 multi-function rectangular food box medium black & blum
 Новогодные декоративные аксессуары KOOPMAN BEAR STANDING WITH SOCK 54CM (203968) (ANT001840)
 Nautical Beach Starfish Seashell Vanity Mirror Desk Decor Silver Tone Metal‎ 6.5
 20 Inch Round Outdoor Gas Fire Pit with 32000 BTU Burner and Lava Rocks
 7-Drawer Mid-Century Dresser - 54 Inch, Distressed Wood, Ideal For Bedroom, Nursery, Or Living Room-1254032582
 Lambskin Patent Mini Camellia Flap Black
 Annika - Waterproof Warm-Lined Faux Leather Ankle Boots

==

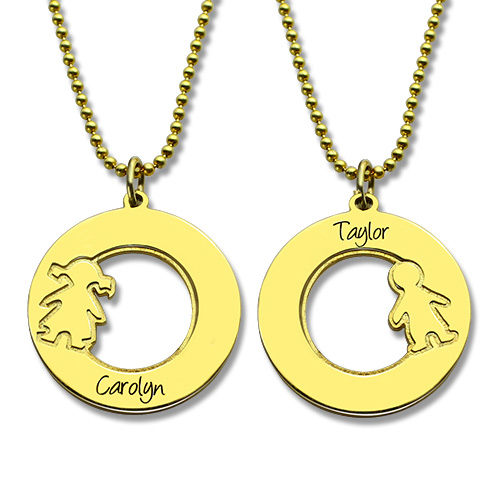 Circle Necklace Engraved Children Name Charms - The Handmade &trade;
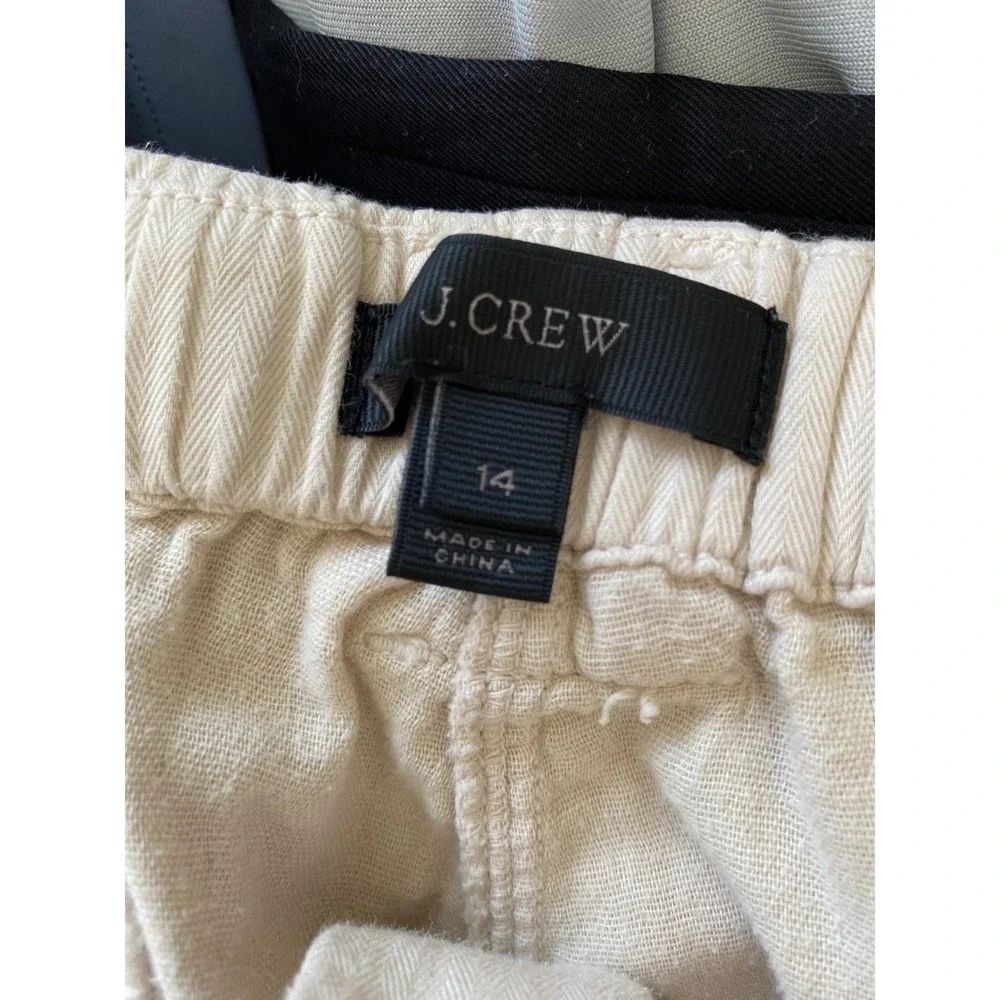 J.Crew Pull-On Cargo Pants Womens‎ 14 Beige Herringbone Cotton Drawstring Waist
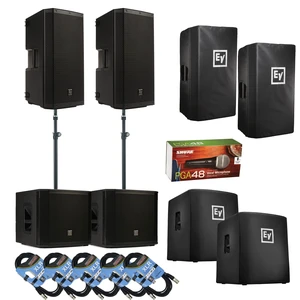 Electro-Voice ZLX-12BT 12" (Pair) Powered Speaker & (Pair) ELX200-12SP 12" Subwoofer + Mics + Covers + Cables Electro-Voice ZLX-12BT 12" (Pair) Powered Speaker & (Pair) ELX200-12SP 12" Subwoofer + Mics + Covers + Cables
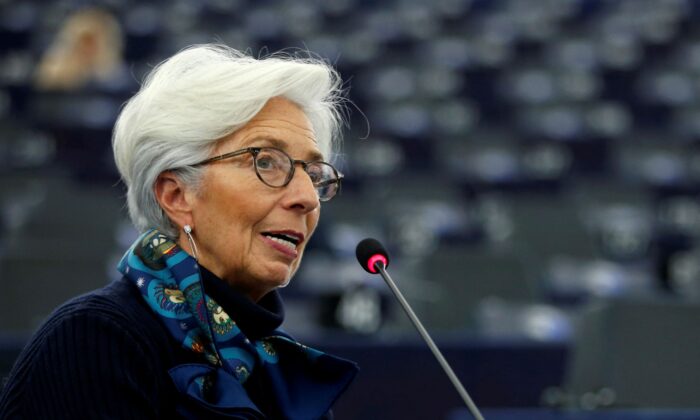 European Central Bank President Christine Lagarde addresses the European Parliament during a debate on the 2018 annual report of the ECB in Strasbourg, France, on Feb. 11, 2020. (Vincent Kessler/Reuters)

**The problem:** Look in the material above for the line with "20 Inch Round" and the line with "Annika - Waterproof", and transcribe exactly those lines and all lines between them, nothing more.

**Problem solution:**
 20 Inch Round Outdoor Gas Fire Pit with 32000 BTU Burner and Lava Rocks
 7-Drawer Mid-Century Dresser - 54 Inch, Distressed Wood, Ideal For Bedroom, Nursery, Or Living Room-1254032582
 Lambskin Patent Mini Camellia Flap Black
 Annika - Waterproof Warm-Lined Faux Leather Ankle Boots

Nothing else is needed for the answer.